Transitioning From Web Developer to Comic Book Author:

German Oddities

We’ve now lived in Germany for a few days and I have noticed a few things that I find odd. Here they are for your amusement:

Peanut Butter is not that common

We have been spending time playing board games and getting advice from one of our neighbors, a 20-something college student here. Until last night, when we made rolls and had them with various spreads (including peanut butter), he had never in his life tried peanut butter.

“It’s not common here.” He said.

Looking at the bottle, as our housemates pointed out, sure enough, it was “American Peanut Butter.”

Wild.

Garbage and Recycling Separation is on a Whole New Order of Specificity

Everywhere you go (even on the train) there are at least 4 different bins to put your garbage, organic compost, recycling and recycling of many various types. It’s nice to see that they care so much, but I haven’t gotten used to it yet in our kitchen.

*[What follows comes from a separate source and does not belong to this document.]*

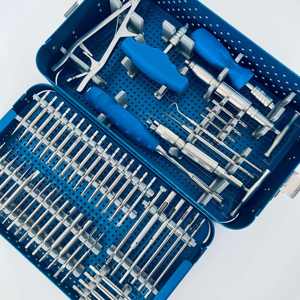 Juego de instrumentos quirúrgicos para traumatismos con pinzas de sujeción ósea, placas, tornillos, taladros, machos de roscar y kit para fragmentos pequeños de Surgiright Instrument - Product Image 6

We have a place for compost, another for newspaper and other papers, another for glass bottles, another for wet garbage that cannot be composted, another for dry garbage that cannot be recycled or composted, and if we wanted to comply fully, we could start more buckets for things like corks that you might get from a wine bottle (which have to be taken to a special place).

It’s Helpful to Always have a Euro… and Bags

The grocery store has a neat system for shopping carts. You have to unlock it by depositing a 1 Euro coin into the key slot. When you return your cart, you get your Euro back. Now I keep a special Euro with my keys in my pocket :)

The grocery store also charges for bags. Everyone brings reusable bags with them shopping. What we tried to pass as a law in Seattle is just common practice here.

Apartments Don’t Come with Anything

We viewed an apartment today and noticed it has no ceiling light in the bedroom. It has the wires for it, and a light switch but no fixture. Apparently, it is up to the renter to supply these things. In fact, the apartment we were viewing was particularly unusual for an available rental in Germany because it had cabinets, a refrigerator, an oven, a kitchen sink, etc. Normally, apartments come with no appliances at all. When you move, you take everything, including the kitchen sink.

Electric Bills are Guesstimated then Fixed

When you rent an apartment, you pay for your rent plus a utilities rate based on your square meters. When your lease is finished (not every month), they calculate your real usage and either pay you back the overage or send you a bill for the unpaid amount used. I’m sure you can see issues that could arise from this.

I’m sure there are many other differences that I either haven’t noticed yet or have already become accustomed to. I’ll keep you updated with what I encounter.

Comments

comments

  • I loved the oddities! Its better to adjust and enjoy the differences, than to complain about their way of doing things.